Wednesday, March 17, 2004

Pseudo-country crap that’s rubbing me the wrong way:

* Some ignorant freak who’s spitting tobacco chaw into the urinals.  Dude, this is California.  We don’t chew, we meditate.  Get with the goddamn program.  A urinal should be a sacred place. 

* Anyone who gets a huge pickup for any reason other than the regular need to haul large quantities of messy cargo, who then drives around the city in it with a twelve-billion watt stereo that can reconfigure the asphalt with sonic waves, a pickup that takes up three times the amount of gas and space as is truly needed - and goes around with the tailgate down.  It’s that final insult, like refusing to zip your fly, like spitting tobacco into my urinal, just a slap in the face: “your little cheap car doesn’t even come up to the nipples of my girlfriend on the mudflaps, dude.  Your sorry ride just ain’t worth thinking about.” Then he’d turn up his stereo and shake my atoms out of association with each other and I’d just vaporize in my indignation.  So I sit there and stare into his empty cargo bay, lined with pristine neoprene and cleaner than my kitchen floor, listening to his stupid thumping music, and I have to stay four feet further back than I ought to because he needed to let his trunk breathe or something.  Really, I’m aggravated all out of proportion by this. 

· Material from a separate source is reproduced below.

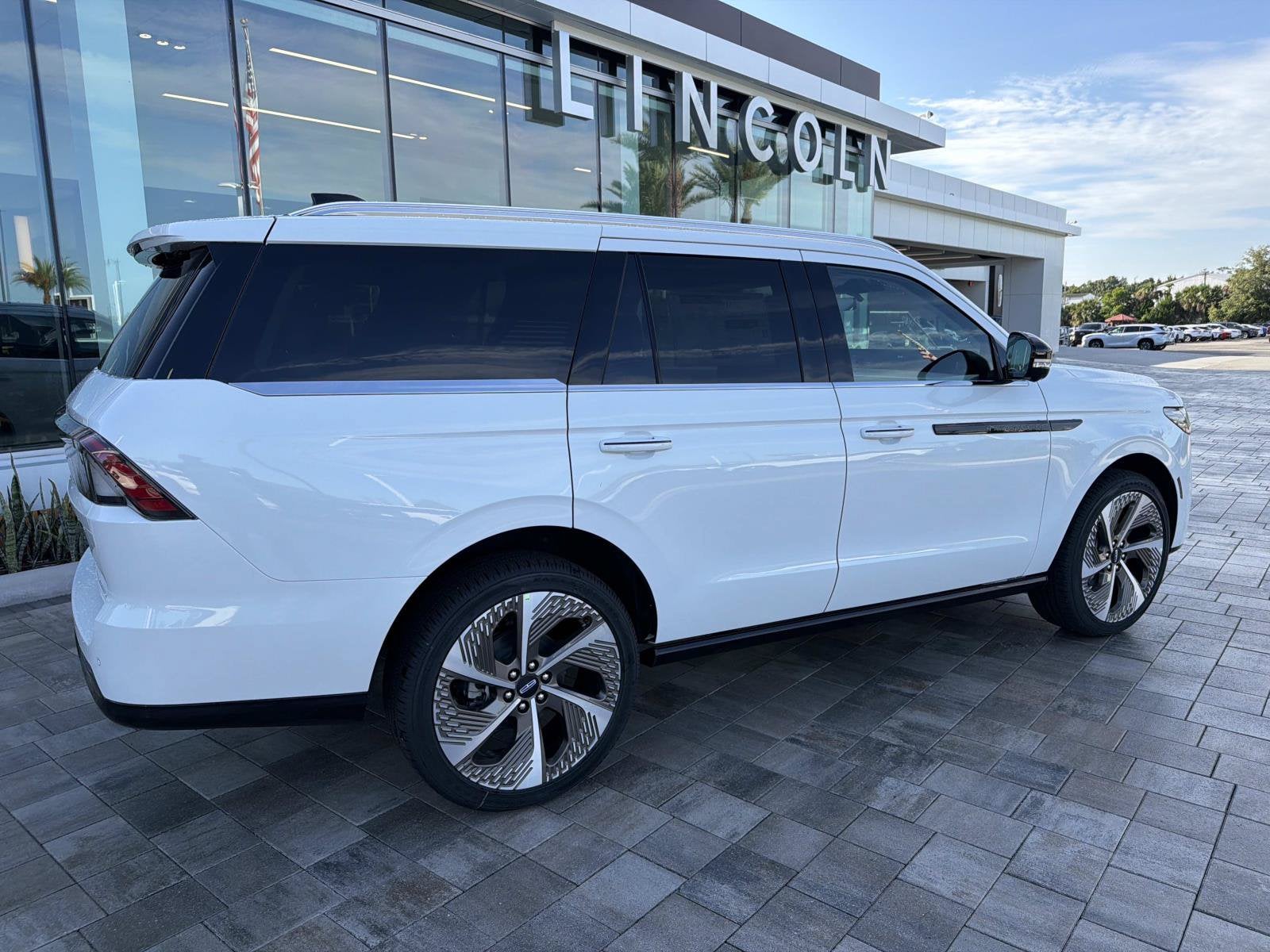 2027 Lincoln Navigator Black Label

Carhartt as high fashion.  Y’all want to get some shop clothes, worksite clothes, and treat them like the wearable tools they are, I would be more than supportive.  But I’m seeing these hoity-toity prissy mincers of both and indeterminate gender riding my bus wearing perfectly softened, unscuffed, unfaded carhartt jackets or workshirts, and of course the jeans.  Sometimes you can see that someone in one of the trades has just got a new set of overalls or something and they’re still being broken in, so the color is a little bright and the fabric is a little stiff and rough - that’s okay, with normal wear that will just fade away.  But when it’s some lady with four inch stillettos and a mid-thigh leather skirt, big pouffie hair and long high-maintenance nails, and a black canvas carhartt jacket on over her skanky lace blouse… it feels like they’re taking the cojones out of my overalls, and even when I’m not wearing them that just sounds like a bad thing to me. 

I’d better quit there.  If I go any farther I start to make enemies.

that's just the way it seemed to me at 11:02 PM


I am with you on the chaw thing. I say we catch them and make them put it back in their mouth. I think if we do this one time to them they will think before they do it again!

Posted by Jeff A  on  03/18  at  12:31 AM

The tail gate is down because it improves fuel efficiency. Makes you hate ‘em even more, don’t it?

Posted by Gopi  on  03/18  at  09:09 AM

I hate chewers even when I’m not in California, but it’s nice that my home state gives me a foundation of self-righteousness upon which to draw.

Posted by Greg  on  03/18  at  09:22 AM

what?  there are people like this in california?  what?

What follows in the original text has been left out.